Some other random thought about PDF text output that is not
necessarily related to the text extraction problem, but passed
through my mind during these experiments:

  - A problem about using composite fonts is that when you find
    out that you need a composite font (that is, more than 255
    glyphs of the font should be subsetted), it's too late to
    switch, since you have already output PDF code the previous
    glyphs as single-byte codepoints.  So one ends up using
    composite fonts unconditionally (exception is, if the
    original font has less than 256 glyphs, there's no point in
    using composite fonts at all.).  This slightly wastes space
    as each codepoint will be encoded as four hex bytes instead
    of two.  This is assuming the simple UCS-2 Identity CMap
    codepoint encoding that maps two bytes to a glyph value of
    0..65535.  However, one can use a UTF-8 scheme such that the
    first 128 glyphs are accessed using one byte and so on.  This
    way the PDF generator can use a simple font for subsets with
    less than 128 glyphs.  However, Adrian is telling me that
    Poppler only supports UCS-2 Identity CMap mapping for CID
    font codepoint encoding.  So this may not be feasible.  It
    does support arbitrary CMap mappings for ToUnicode tables
    though, so the code certainly is there...  The PDF spec also
    says that:

      Acrobat Versions 4.0 and 5.0 (PDF Versions 1.3 and 1.4,
      respectively) must use “ToUnicode” mapping ﬁles that are
      restricted to UCS-2 (Big Endian) encoding, which is
      equivalent to UTF-16BE encoding without Surrogates.

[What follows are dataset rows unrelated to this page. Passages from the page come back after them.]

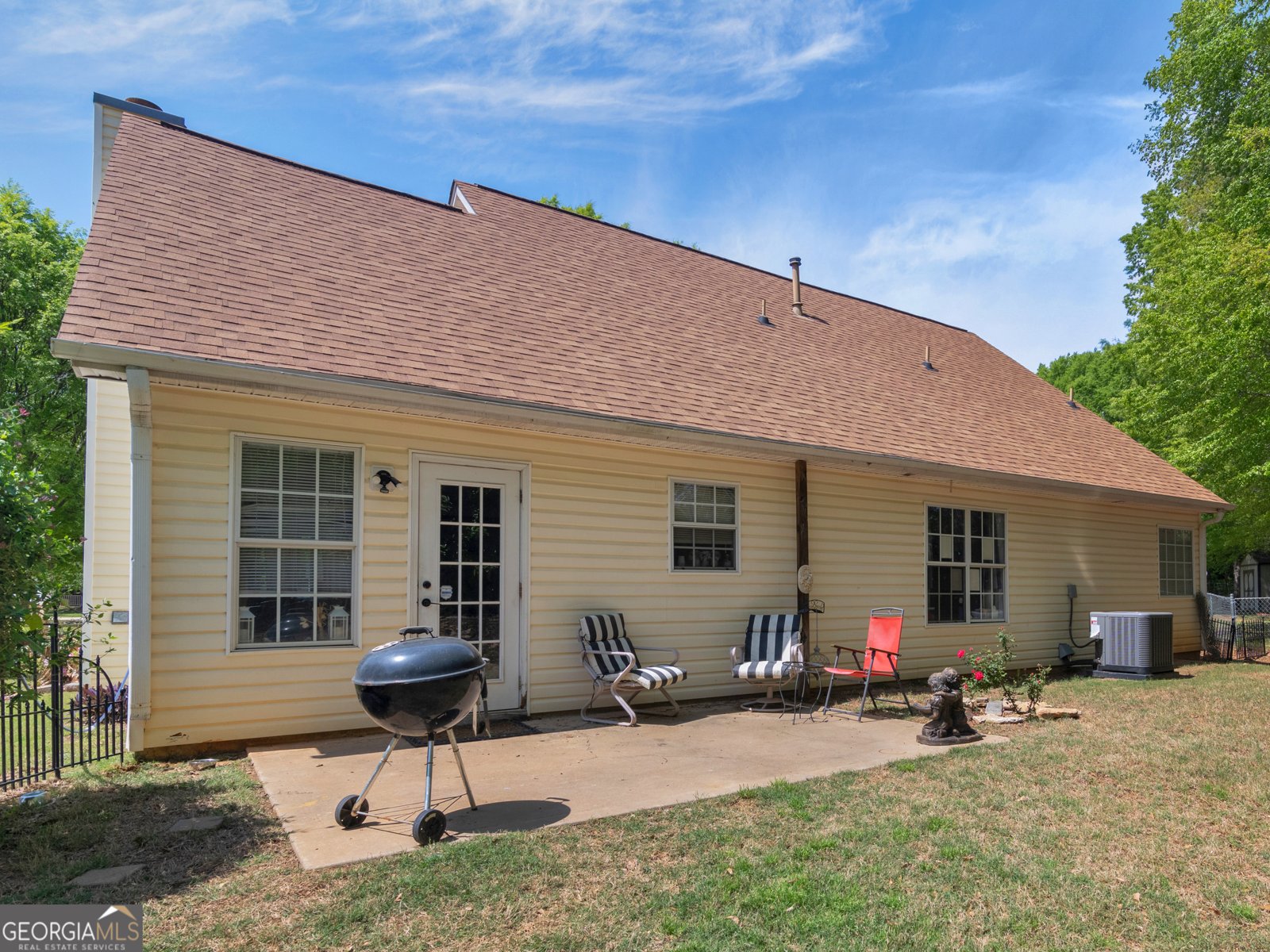 2040 Elm Grove Lane Hampton - 26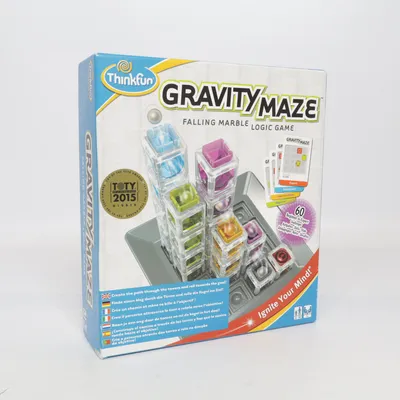 Bordspel van Thinkfun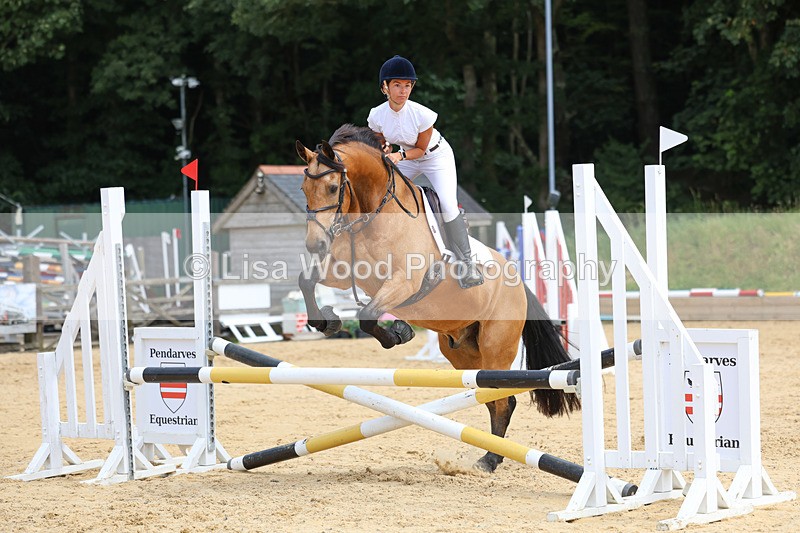 3E7A3625 - Class 9: 80cm Senior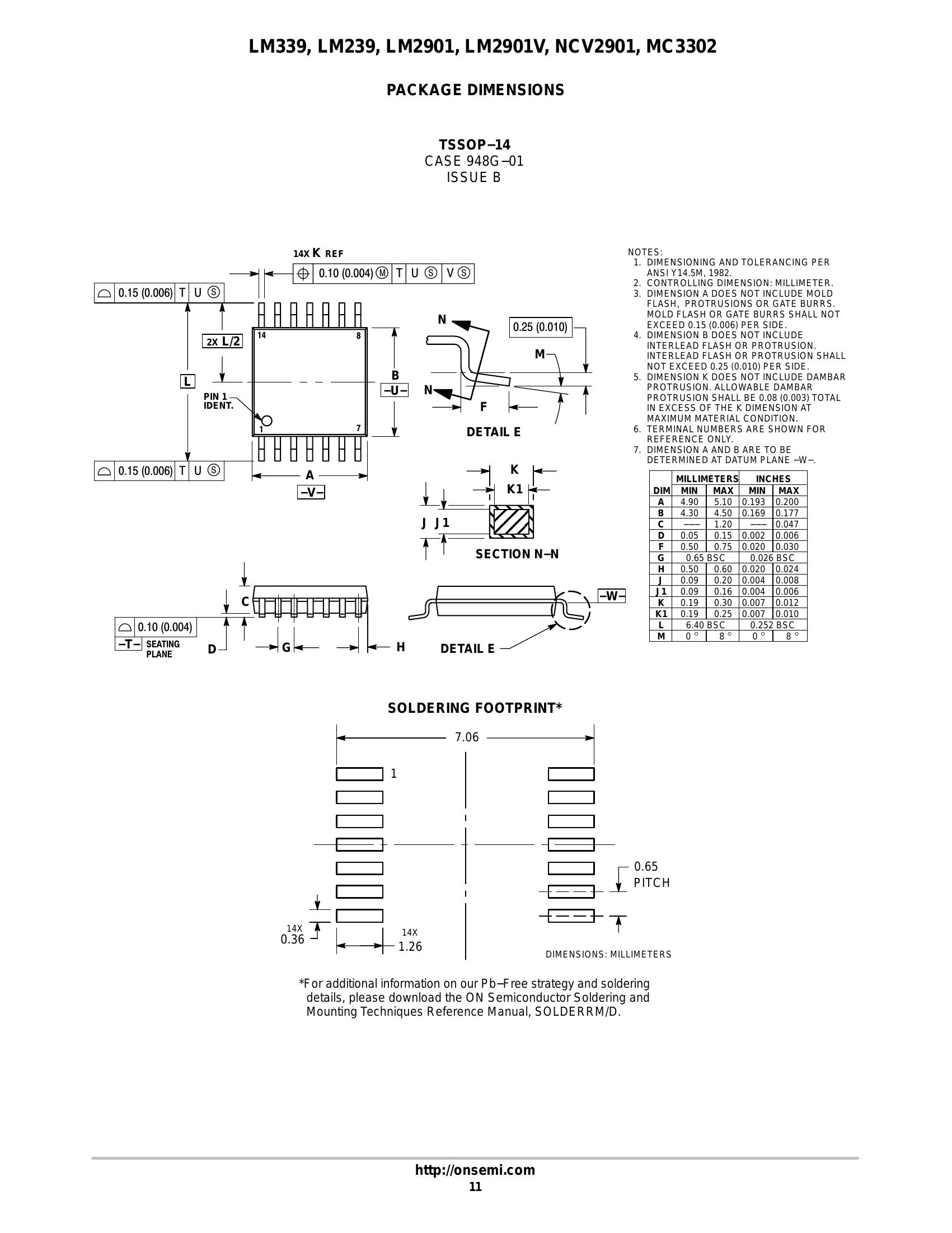 LM339N Datasheet Pinout TI AiEMA, 54% OFF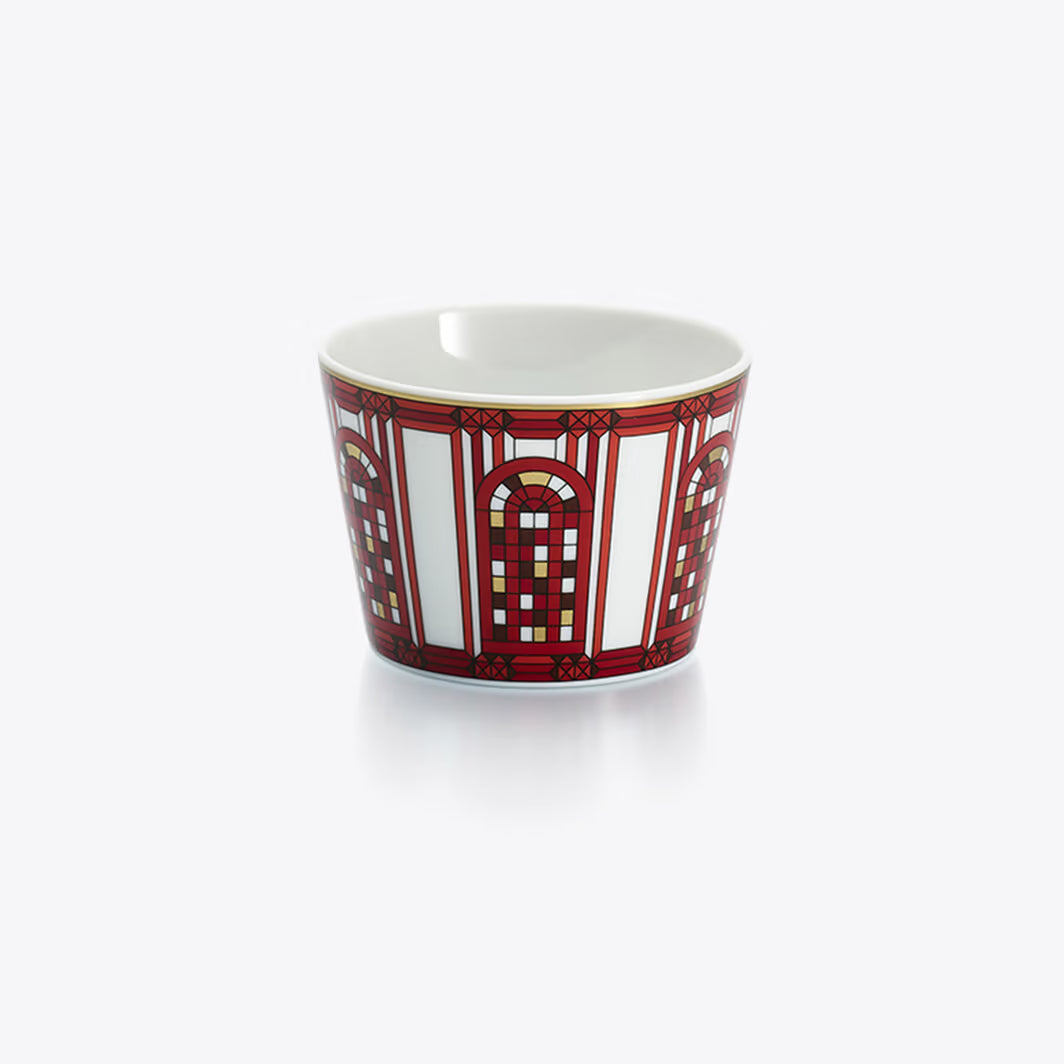 Arcadia Red Timbale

    (Note how the "fi" in "files" is encoded as a U+FB01 LATIN
    SMALL LIGATURE FI because I copy/pasted from the spec.)

  - Shall we use standard encodings if all the used glyphs in a
    subset are in a well-supported standard encoding?  May be
    worth the slight optimization.  Also may make generated
    PS/PDF more readable for the case of simple ASCII text.

  - Also occurred to me that in PDF almost all objects can come
    after hey are referenced.  Does this mean we can write out
    pages as we go and avoid writing to a temp file that we
    currently do?

  - TaggedPDF allows for a lot more, but it's very hard to for
    example mark all paragraphs and pages and all.  There's also
    a ReversedText tag in there.  In most cases though, seems
    like we can do the same without it as far as text extraction
    is concerned.  Some cairo API may be added to allow TaggedPDF
    marking from higher level.  Something like:

	cairo_pdf_marked_content_sequence_t
	cairo_pdf_surface_begin/end_marked_content()

  - Other possibly useful PDF APIs will be for embedding
    arbitrary objects, for marking ActualText around arbitrary
    drawing operations, and to get object number for any embedded
    fonts, patterns, etc.  We are still waiting for someone more
    familiar with PDF and higher-level use-cases to tell us what
    exactly they need from cairo...

=================================================================

Anyway, wow, 400 lines.  Thanks for reading this far.  I'm going
to do a presentation on PDF text extraction at the Linux
Foundation OpenPrinting Summit next week in Montréal, mostly based on
this mail:

  http://www.linux-foundation.org/en/OpenPrinting/SummitMontreal

I try to hack something up this week, but most probably I just
get to do the Pango side and wait for some PDF ninja to do the
cairo side.  You know who you are!

Cheers,

-- 
behdad
http://behdad.org/

"Those who would give up Essential Liberty to purchase a little
 Temporary Safety, deserve neither Liberty nor Safety."
        -- Benjamin Franklin, 1759